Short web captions
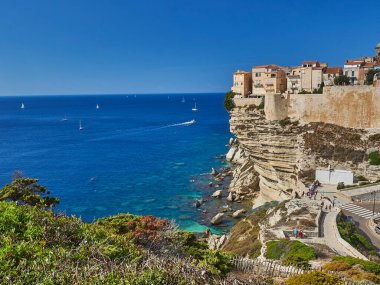 Bonifacio şehri, Fransa 'nın Korsika adasındaki Akdeniz' in turkuaz suyuyla çevrili beyaz bir uçurumun üzerinde uzanıyor.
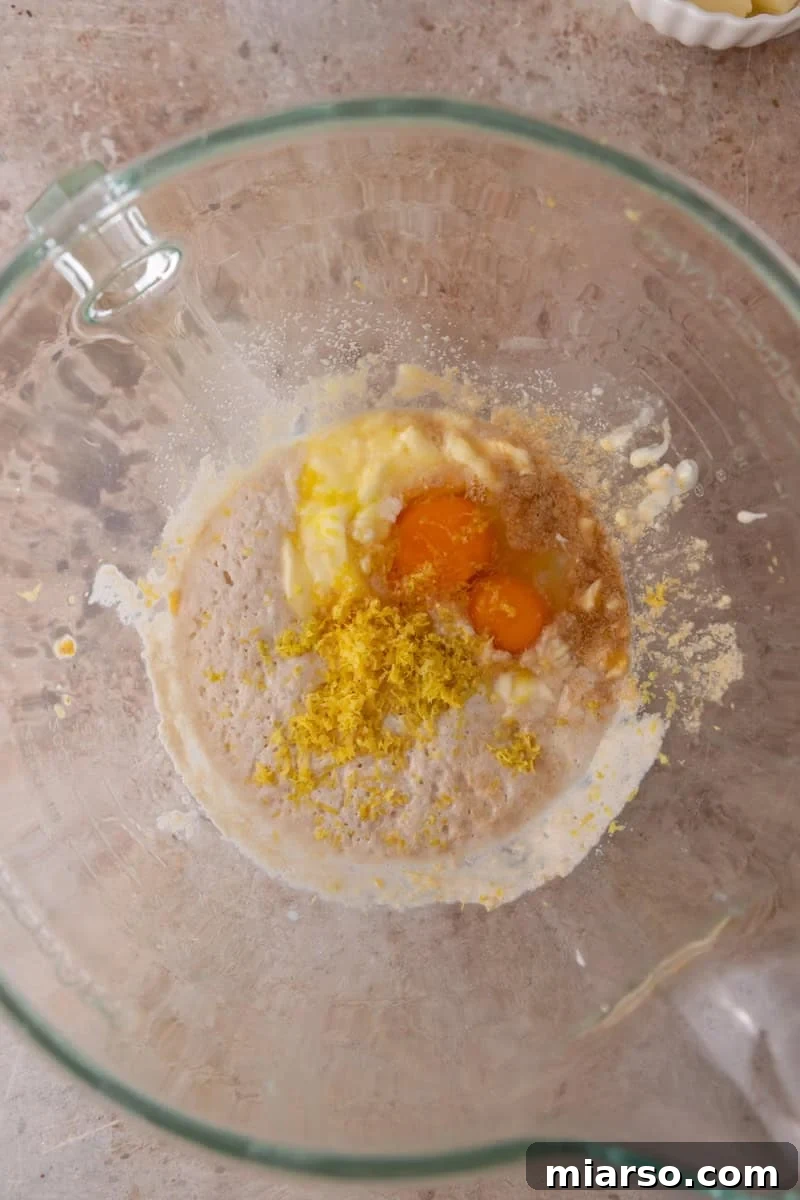 Eggs, lemon zest, butter and tangzhong in a stand mixer bowl before mixing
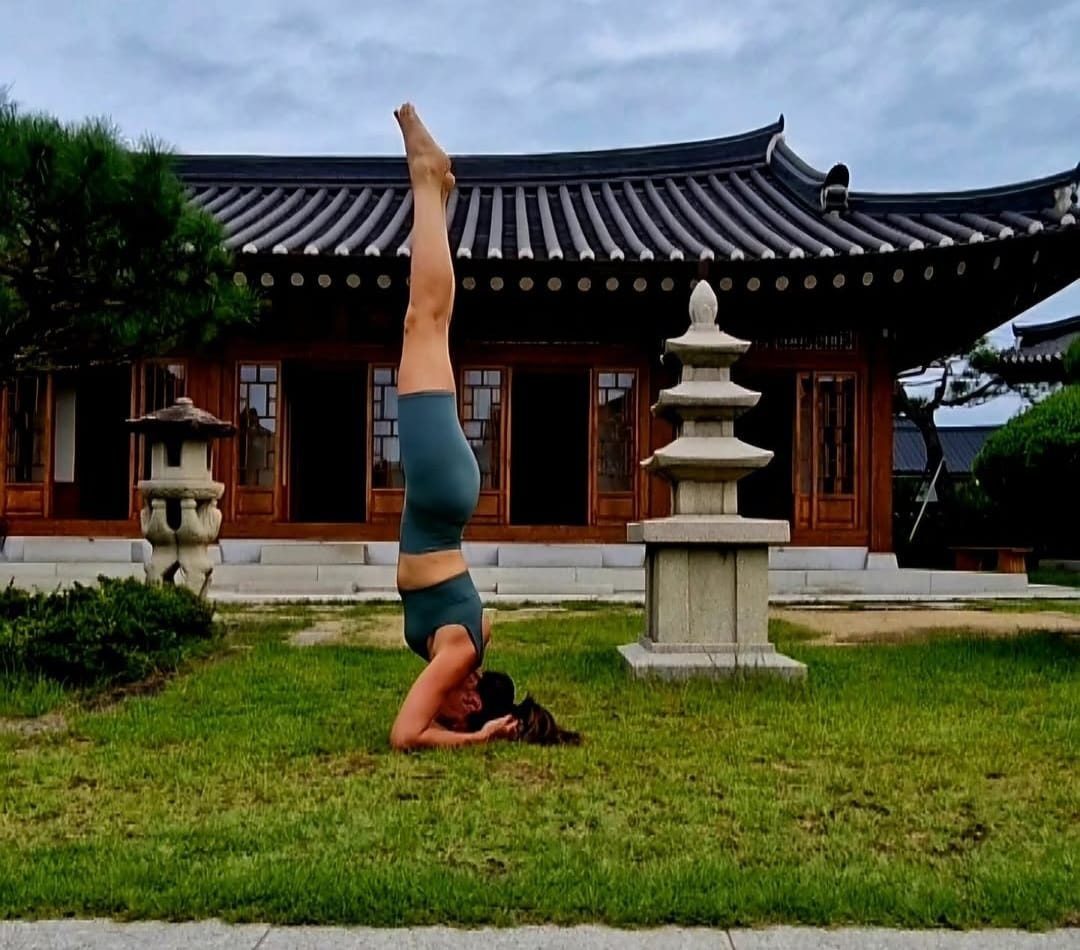 Federica Masci in headstand pose at a Korean temple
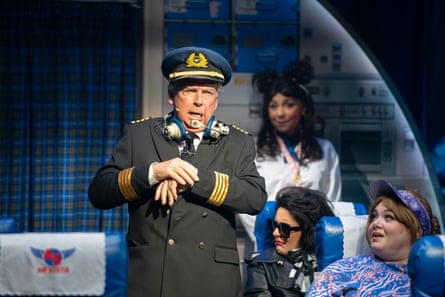 Ryecart in uniform stands in the aisle of the plane.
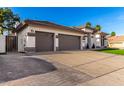 A three-car garage with a paved driveway and a view of the home's facade is displayed at 6518 W Louise Dr, Glendale, AZ 85310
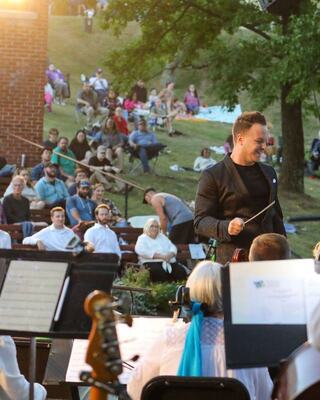 A conductor engages with an outdoor orchestra, while an audience enjoys the performance on a grassy hillside beneath a warm sunset.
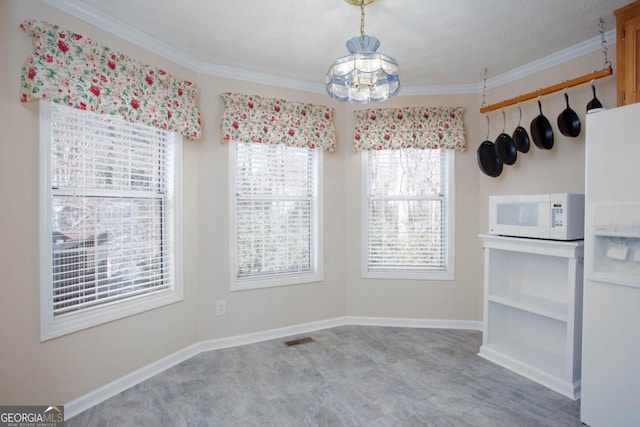 unfurnished dining area with ornamental molding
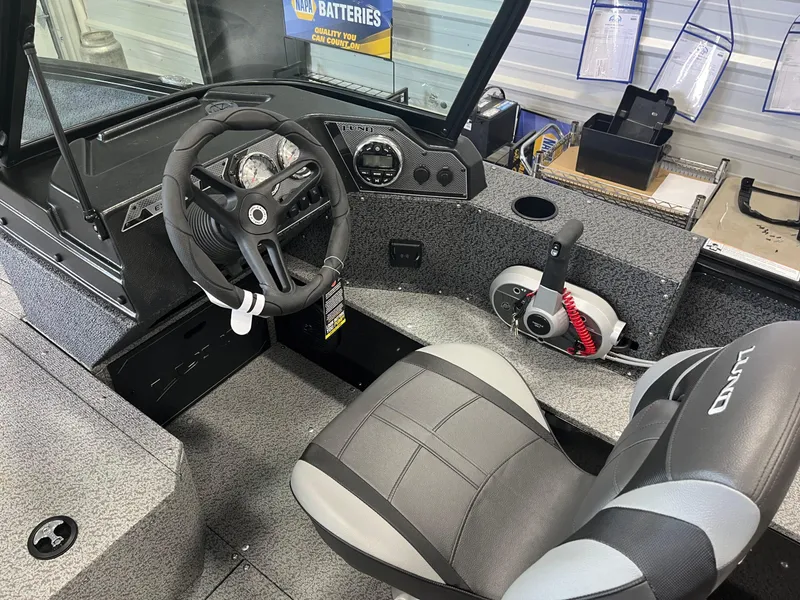 Slide: The Image of 2026 Lund 1800 Explorer Sport boat interior with steering wheel and control panel. - 8
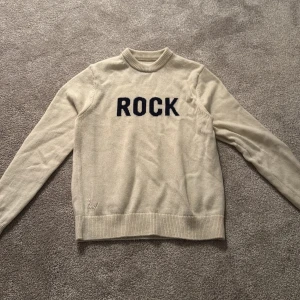 Beige tröja med texten ROCK - Säljer en beige tröja med texten ROCK i svart på framsidan. Tröjan har en rund halsringning och långa ärmar. Perfekt för en avslappnad stil.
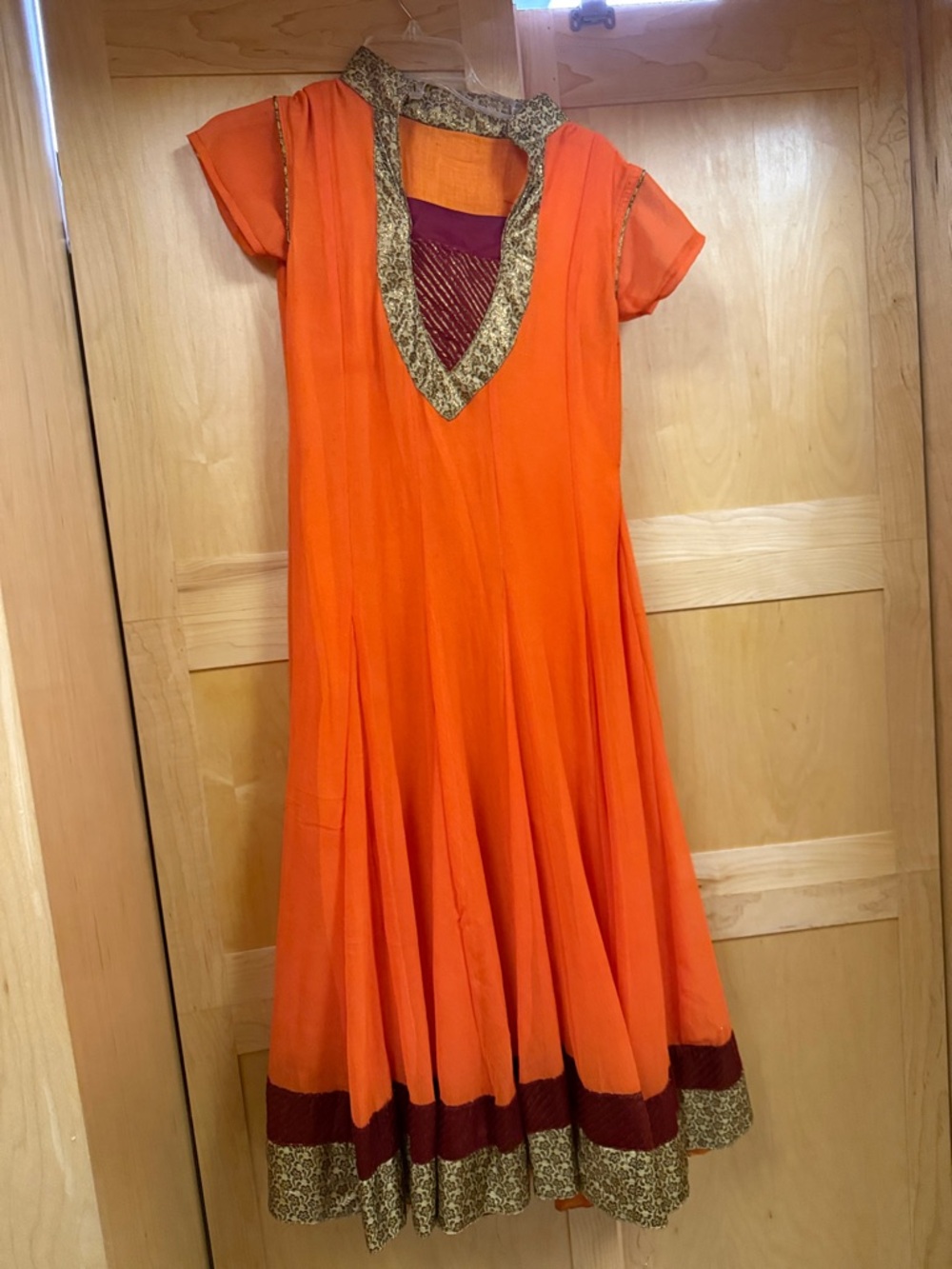Vibrant Orange Embroidered anarkali Dress with Maroon Accents
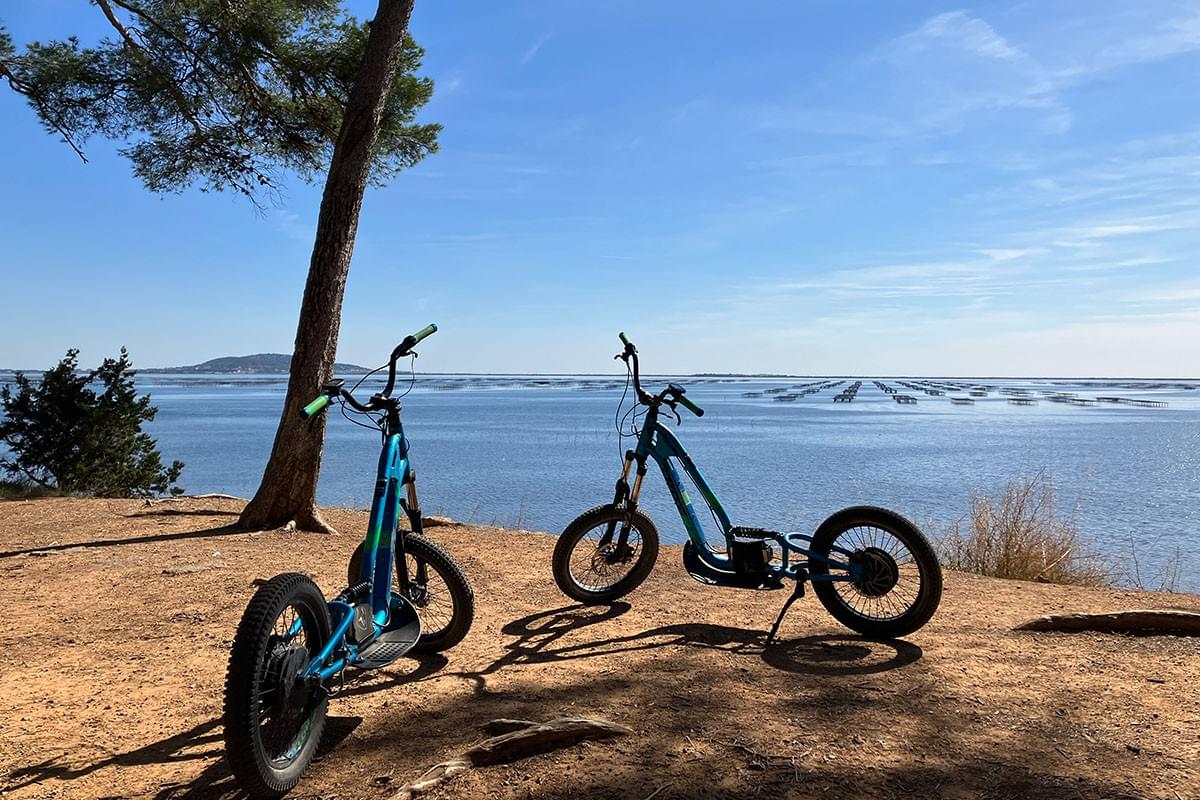 Deux trottinettes électriques tout-terrain devant l'étang de Thau Deux trottinettes électriques tout-terrain devant l'étang de Thau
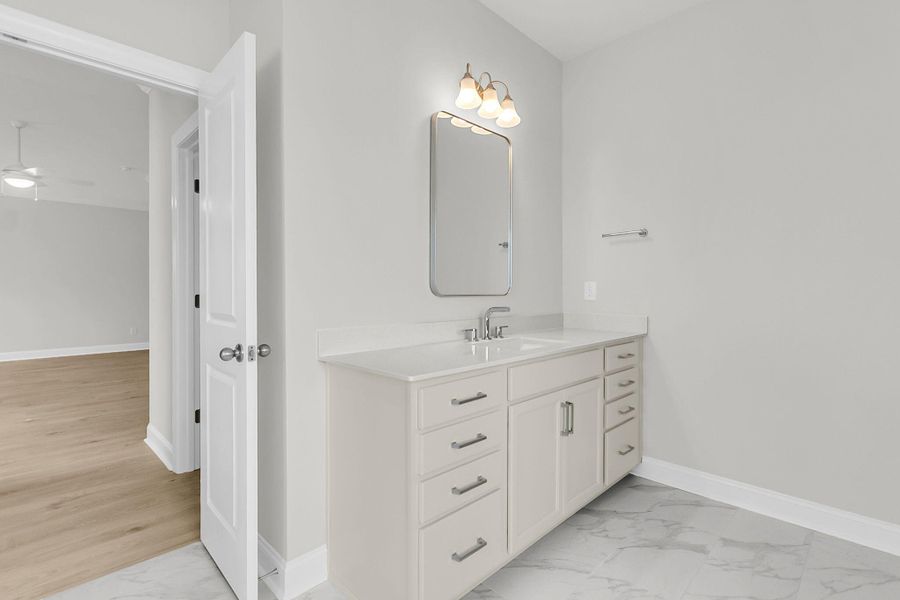 Furnished interior view inside a new home in Tidewater at Lakes of Cane Bay, Summerville (Image 27).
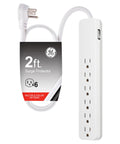Image of a white six-outlet surge protector with a 2 ft cord, featuring a flat plug and safety covers. Black packaging with product details.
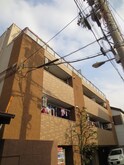 トミ－四番館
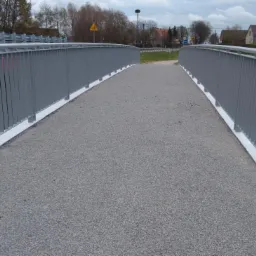 Kładka dla pieszych z szarymi barierkami po obu stronach i szarą nawierzchnią z drobnego kruszywa, widoczny znak drogowy ostrzegawczy dla dzieci w oddali.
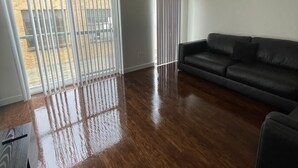 A spacious living room with a dark leather sofa, a ceiling fan, and a large sliding glass door leading to an outdoor area.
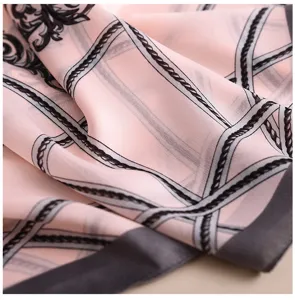Vista ravvicinata di dettaglio di un foulard in seta rosa con elegante motivo a catena.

**PROBLEM REQUIREMENTS**
The answer must be an exact copy of the records, with no images in it.

**SOLUTION TO THIS EXERCISE**
 Bonifacio şehri, Fransa 'nın Korsika adasındaki Akdeniz' in turkuaz suyuyla çevrili beyaz bir uçurumun üzerinde uzanıyor.
 Eggs, lemon zest, butter and tangzhong in a stand mixer bowl before mixing
 Federica Masci in headstand pose at a Korean temple
 Ryecart in uniform stands in the aisle of the plane.
 A three-car garage with a paved driveway and a view of the home's facade is displayed at 6518 W Louise Dr, Glendale, AZ 85310
 A conductor engages with an outdoor orchestra, while an audience enjoys the performance on a grassy hillside beneath a warm sunset.
 unfurnished dining area with ornamental molding
 Slide: The Image of 2026 Lund 1800 Explorer Sport boat interior with steering wheel and control panel. - 8
 Beige tröja med texten ROCK - Säljer en beige tröja med texten ROCK i svart på framsidan. Tröjan har en rund halsringning och långa ärmar. Perfekt för en avslappnad stil.
Vibrant Orange Embroidered anarkali Dress with Maroon Accents
 Deux trottinettes électriques tout-terrain devant l'étang de Thau Deux trottinettes électriques tout-terrain devant l'étang de Thau
 Furnished interior view inside a new home in Tidewater at Lakes of Cane Bay, Summerville (Image 27).
Image of a white six-outlet surge protector with a 2 ft cord, featuring a flat plug and safety covers. Black packaging with product details.
 トミ－四番館
 Kładka dla pieszych z szarymi barierkami po obu stronach i szarą nawierzchnią z drobnego kruszywa, widoczny znak drogowy ostrzegawczy dla dzieci w oddali.
 A spacious living room with a dark leather sofa, a ceiling fan, and a large sliding glass door leading to an outdoor area.
Vista ravvicinata di dettaglio di un foulard in seta rosa con elegante motivo a catena.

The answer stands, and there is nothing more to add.